**Activity**:
Could you reproduce the lines below from the one with "Puma Men Black" through the one with "Harry Lary Unisex"? Keep both ends and add nothing.

--

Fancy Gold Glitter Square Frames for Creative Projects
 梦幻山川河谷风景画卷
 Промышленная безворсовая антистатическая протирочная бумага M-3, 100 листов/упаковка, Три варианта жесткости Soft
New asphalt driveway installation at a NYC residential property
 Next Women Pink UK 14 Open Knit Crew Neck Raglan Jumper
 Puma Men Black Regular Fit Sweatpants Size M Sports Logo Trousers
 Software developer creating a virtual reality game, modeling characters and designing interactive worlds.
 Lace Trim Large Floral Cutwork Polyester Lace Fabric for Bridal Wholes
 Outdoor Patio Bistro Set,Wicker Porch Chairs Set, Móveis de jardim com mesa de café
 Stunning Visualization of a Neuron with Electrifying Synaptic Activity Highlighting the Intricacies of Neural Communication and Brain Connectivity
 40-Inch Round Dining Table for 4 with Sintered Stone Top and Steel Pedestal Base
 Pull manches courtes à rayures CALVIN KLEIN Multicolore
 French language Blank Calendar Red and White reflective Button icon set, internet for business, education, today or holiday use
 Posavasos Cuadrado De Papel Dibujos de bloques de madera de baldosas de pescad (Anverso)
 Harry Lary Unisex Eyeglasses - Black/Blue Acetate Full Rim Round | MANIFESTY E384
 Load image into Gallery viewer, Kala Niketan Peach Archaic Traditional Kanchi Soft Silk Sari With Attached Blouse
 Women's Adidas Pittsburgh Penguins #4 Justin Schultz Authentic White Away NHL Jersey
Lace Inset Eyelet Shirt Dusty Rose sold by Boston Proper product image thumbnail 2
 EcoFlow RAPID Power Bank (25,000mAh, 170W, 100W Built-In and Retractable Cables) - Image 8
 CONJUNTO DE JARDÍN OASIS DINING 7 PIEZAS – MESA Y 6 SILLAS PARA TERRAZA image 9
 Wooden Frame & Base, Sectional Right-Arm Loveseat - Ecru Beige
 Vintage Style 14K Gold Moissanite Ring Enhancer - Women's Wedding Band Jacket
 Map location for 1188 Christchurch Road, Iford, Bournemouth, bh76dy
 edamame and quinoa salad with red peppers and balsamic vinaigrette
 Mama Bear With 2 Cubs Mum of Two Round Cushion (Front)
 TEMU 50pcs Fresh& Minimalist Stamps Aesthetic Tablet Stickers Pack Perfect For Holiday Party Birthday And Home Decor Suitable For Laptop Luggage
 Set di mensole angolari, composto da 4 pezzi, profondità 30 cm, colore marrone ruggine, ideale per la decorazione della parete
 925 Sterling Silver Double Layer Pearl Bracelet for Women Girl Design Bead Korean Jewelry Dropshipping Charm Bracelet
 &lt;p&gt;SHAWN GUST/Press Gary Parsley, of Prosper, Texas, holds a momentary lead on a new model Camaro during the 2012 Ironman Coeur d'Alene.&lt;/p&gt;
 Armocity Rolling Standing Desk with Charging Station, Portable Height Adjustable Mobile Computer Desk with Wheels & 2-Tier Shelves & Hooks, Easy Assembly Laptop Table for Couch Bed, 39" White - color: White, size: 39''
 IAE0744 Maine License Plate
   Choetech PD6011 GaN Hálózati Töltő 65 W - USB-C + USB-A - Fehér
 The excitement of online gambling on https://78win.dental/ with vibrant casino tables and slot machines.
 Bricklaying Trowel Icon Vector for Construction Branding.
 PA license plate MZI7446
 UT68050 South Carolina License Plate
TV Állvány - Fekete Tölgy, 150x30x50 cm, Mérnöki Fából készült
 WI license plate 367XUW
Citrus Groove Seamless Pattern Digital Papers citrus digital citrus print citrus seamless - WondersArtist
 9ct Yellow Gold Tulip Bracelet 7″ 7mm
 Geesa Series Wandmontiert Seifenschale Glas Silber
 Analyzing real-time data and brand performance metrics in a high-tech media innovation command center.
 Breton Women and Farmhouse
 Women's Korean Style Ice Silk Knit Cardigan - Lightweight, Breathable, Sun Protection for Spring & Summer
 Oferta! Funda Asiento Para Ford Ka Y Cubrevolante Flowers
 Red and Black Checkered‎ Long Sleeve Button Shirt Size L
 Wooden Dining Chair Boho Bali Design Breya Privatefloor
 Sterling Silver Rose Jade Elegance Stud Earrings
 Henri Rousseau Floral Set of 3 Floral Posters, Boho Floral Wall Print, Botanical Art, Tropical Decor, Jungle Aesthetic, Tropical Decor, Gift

--

**Worked solution**:
 Puma Men Black Regular Fit Sweatpants Size M Sports Logo Trousers
 Software developer creating a virtual reality game, modeling characters and designing interactive worlds.
 Lace Trim Large Floral Cutwork Polyester Lace Fabric for Bridal Wholes
 Outdoor Patio Bistro Set,Wicker Porch Chairs Set, Móveis de jardim com mesa de café
 Stunning Visualization of a Neuron with Electrifying Synaptic Activity Highlighting the Intricacies of Neural Communication and Brain Connectivity
 40-Inch Round Dining Table for 4 with Sintered Stone Top and Steel Pedestal Base
 Pull manches courtes à rayures CALVIN KLEIN Multicolore
 French language Blank Calendar Red and White reflective Button icon set, internet for business, education, today or holiday use
 Posavasos Cuadrado De Papel Dibujos de bloques de madera de baldosas de pescad (Anverso)
 Harry Lary Unisex Eyeglasses - Black/Blue Acetate Full Rim Round | MANIFESTY E384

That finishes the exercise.